* **What the task requires**: Below are the entries. Transcribe exactly the lines from the one with "2000 Pontiac Trans" through the one with "Linnea adorable newborn", ends included, and leave out all others.

Data Start Marker

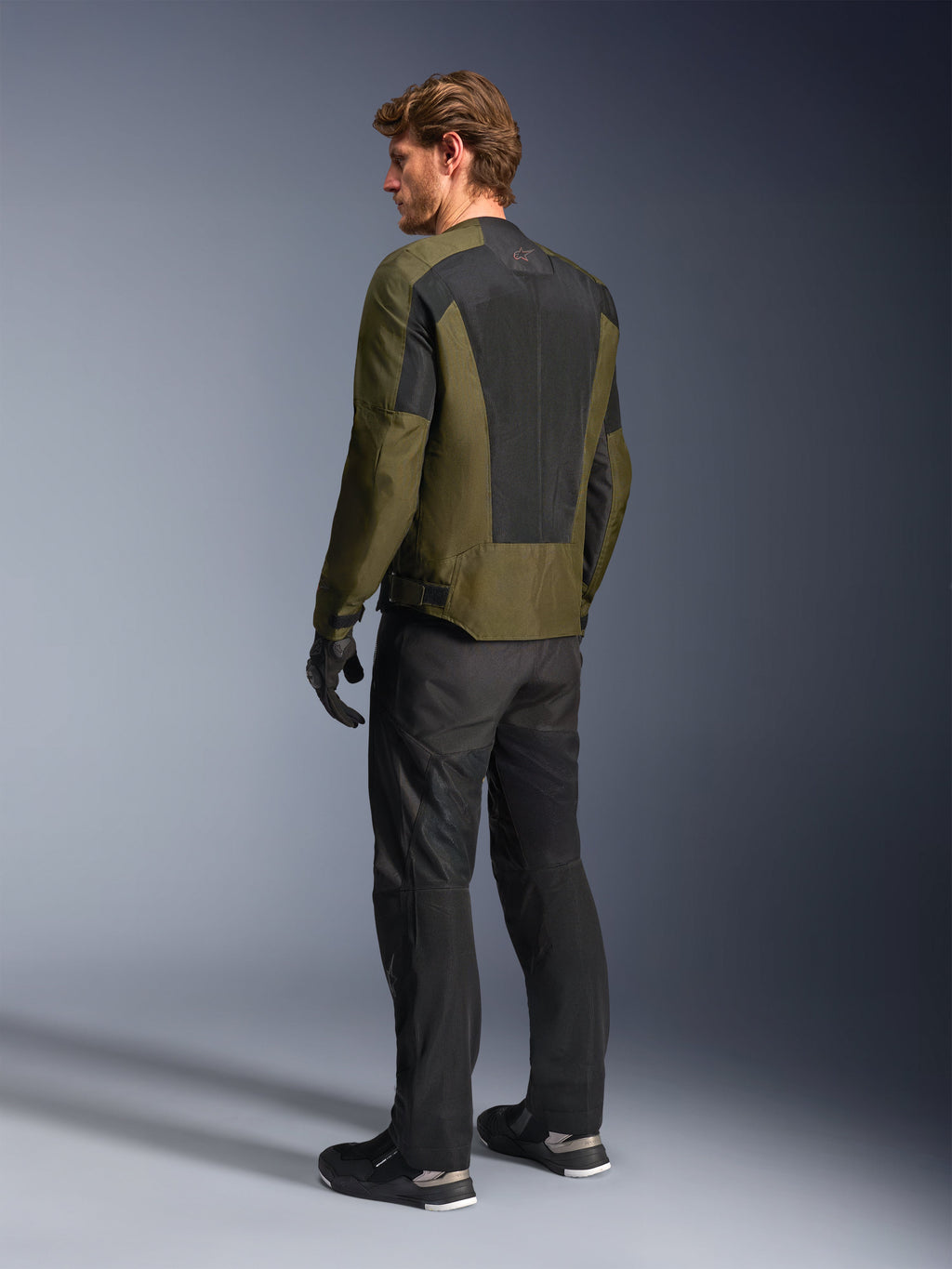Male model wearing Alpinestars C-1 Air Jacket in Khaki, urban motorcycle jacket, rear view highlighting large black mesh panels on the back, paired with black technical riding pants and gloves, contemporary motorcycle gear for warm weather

Data End Marker
Data Start Marker

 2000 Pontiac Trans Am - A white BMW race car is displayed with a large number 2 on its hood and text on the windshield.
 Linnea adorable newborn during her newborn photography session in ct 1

Data End Marker

* **Task solution**:
 2000 Pontiac Trans Am - A white BMW race car is displayed with a large number 2 on its hood and text on the windshield.
 Linnea adorable newborn during her newborn photography session in ct 1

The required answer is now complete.